# Mullah Omar for President!



## Brooklynben (Jul 12, 2012)

*Hamid Karzai says Taliban chief Mullah Omar can run for Afghan presidency *
http://www.telegraph.co.uk/news/wor...ullah-Omar-can-run-for-Afghan-presidency.html

Mullah Omar has been wanted by the U.S. State Department since October 2001. There's a ten million dollar reward on his head. He sheltered Osama bin Laden and al-Qaeda killers in the years prior to the September 11 attacks. He further had a hand in the planning of the 911 attacks, and is currently directing the Taliban's ongoing war against the U.S.-led NATO forces.
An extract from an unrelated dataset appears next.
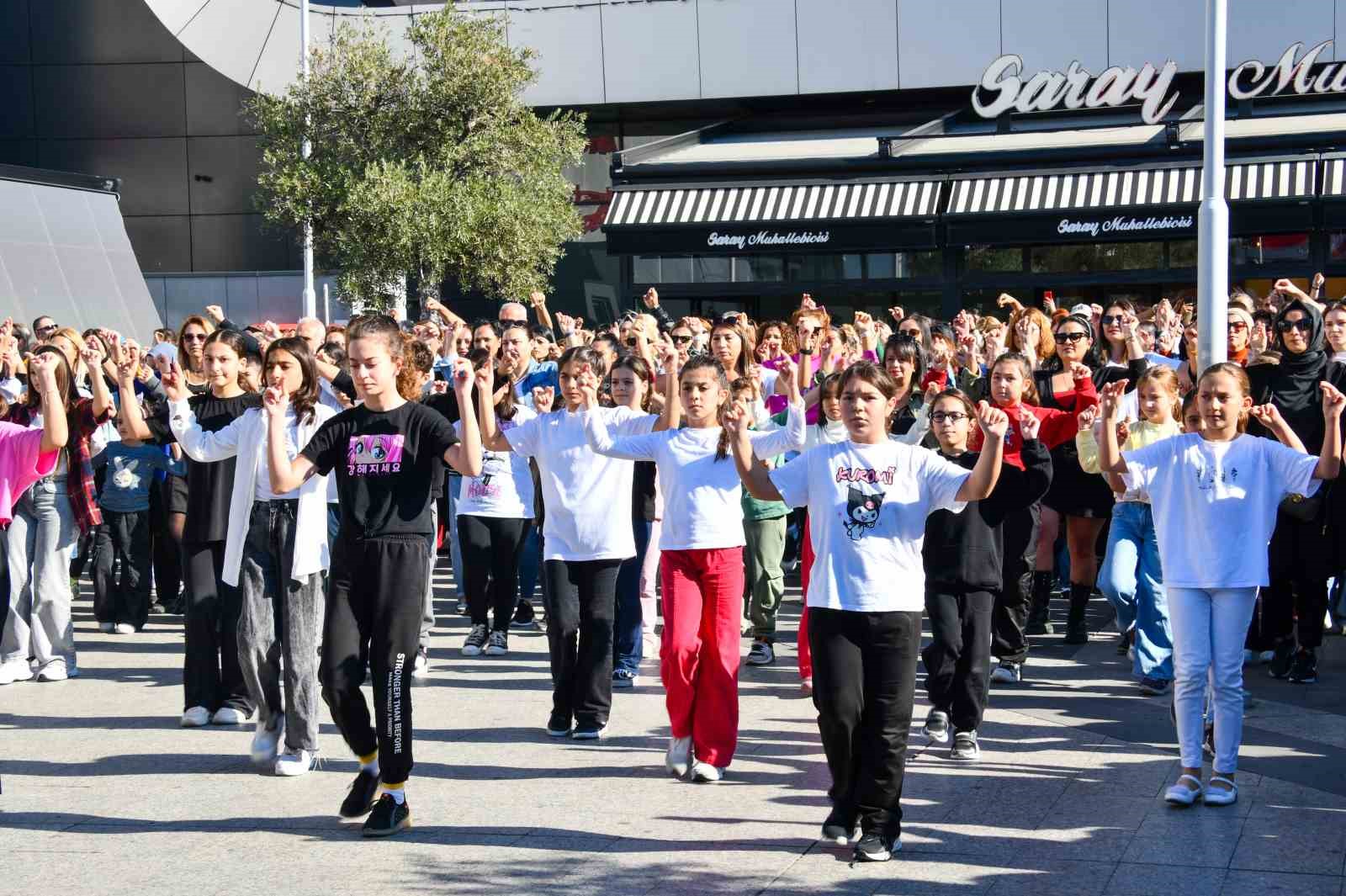 Esenyurt’ta 400 kişi Cumhuriyet’in 101. yılını zeybek oynayarak kutladı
No problem!  When Mullah Omar takes over, I'm sure the U.S. political spin masters will give the occasion a snappy name like; "Afghan Spring!"

Just last month, Barack Hussein Obama used the NATO summit to press Afghan leader Hamid Karzai to engage with greater urgency with the Taliban about a political settlement in Afghanistan.  Obama doesn't seem to particularly care what kind of deal is struck nor what kind of threat might be left behind.

This past weekend Obama declared that Afghanistan was a "major non-NATO ally." The non-NATO ally declaration allows for streamlined defense cooperation, more money, expedited purchasing ability of American equipment, and easier export control regulations.  The way things are heading, this should also make Mullah Omar very happy.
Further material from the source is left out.